State Cache Size to display a graph of the state cache size in MB.
Block to display the current best block number for the node to ensure it's staying synchronized with its peers.
Block Hash to display the block hash for the current best block number for the node.
Finalized Block to display the most recently finalized block number for the node to ensure it's staying synchronized with its peers.
Finalized Block Hash to display the block hash for the most recently finalized block number for the node.
Block Time to display the block execution time between blocks.
Block Propagation Time to display the time it took for the node to import the most recent block.
Last Block Time to display the time it took for the node to author the most recent block.
Node Uptime to display the number of days the node has been online without being restarted.

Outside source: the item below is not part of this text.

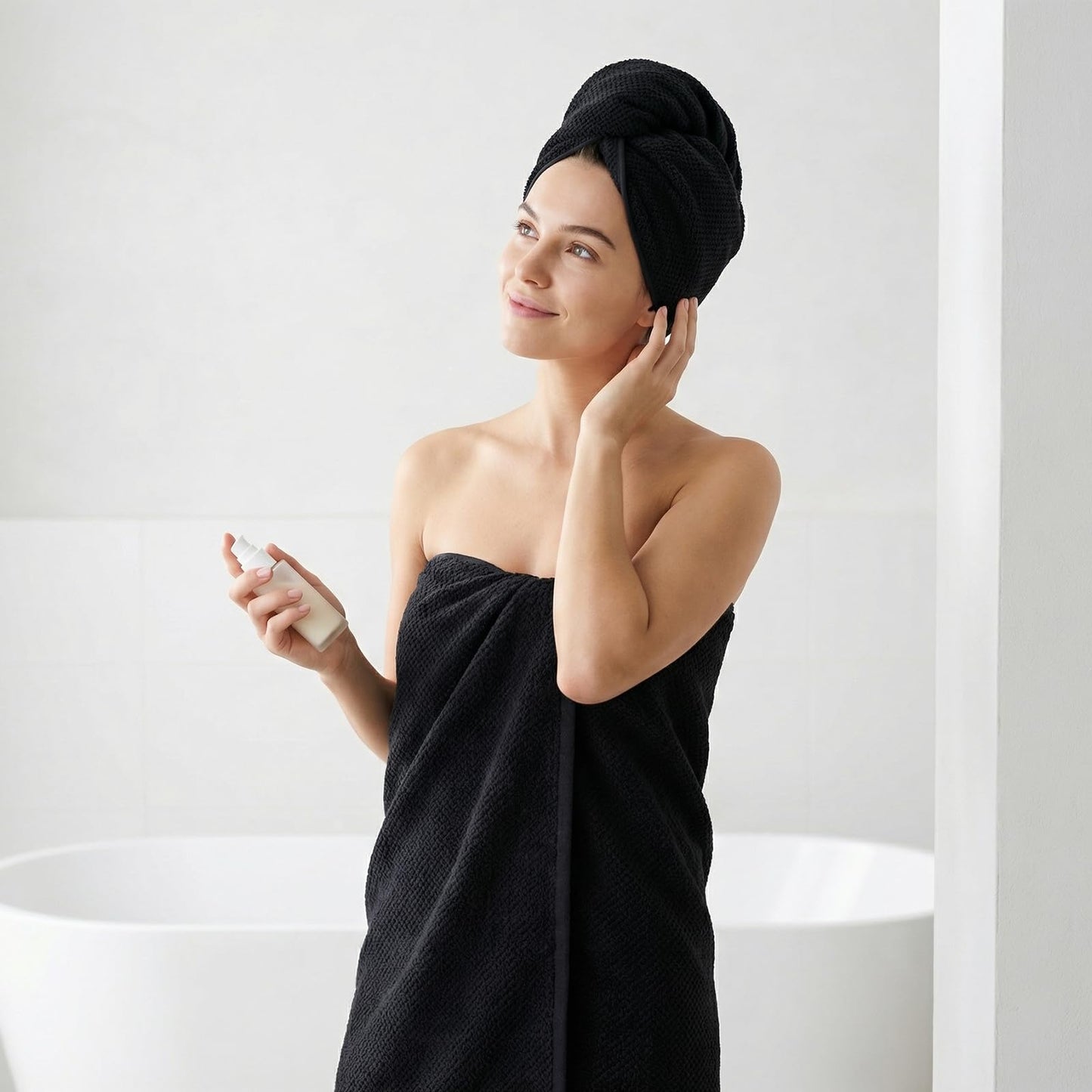 REDKISS Pack of 1 Jumbo Bath Sheet, 40 x 80 Inches Microfiber Oversized Bath Towel for Bathroom, Extra Large & Lightweight, Quick-Dry, Super Soft & Highly Absorbent, Perfect to Wrap Yourself In, Black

You can keep the information for one or more nodes in view in the dashboard by clicking the line displayed for the node in the dashboard list. For example, if you want to keep the information for two nodes visible while the information for other nodes scrolls by, you can select the nodes in the list and pin the information in place.
As an alternative to the list of nodes, you can display nodes on a global map. The map provides a visual representation of where nodes are located, where blocks are being produced and imported in real time, and where there are higher concentrations of nodes geographically. Note that only nodes that have a known location are displayed in the map.
To see represented on a map, click Map.
In this view, you can hover over any node location on the map to display a subset of the information available for the node, including the node name, location, best block number, best block hash, and block time statistics.
In addition to the information available for individual nodes, you can view statistics that describe the number and percentage of nodes that share specific attributes. For example, you can see the percentage of nodes that are using each release of Polkadot, the percentage of nodes using the Linux operating system and the most common distributions currently deployed. You can also view statistics about the CPU and memory configuration across nodes in the network.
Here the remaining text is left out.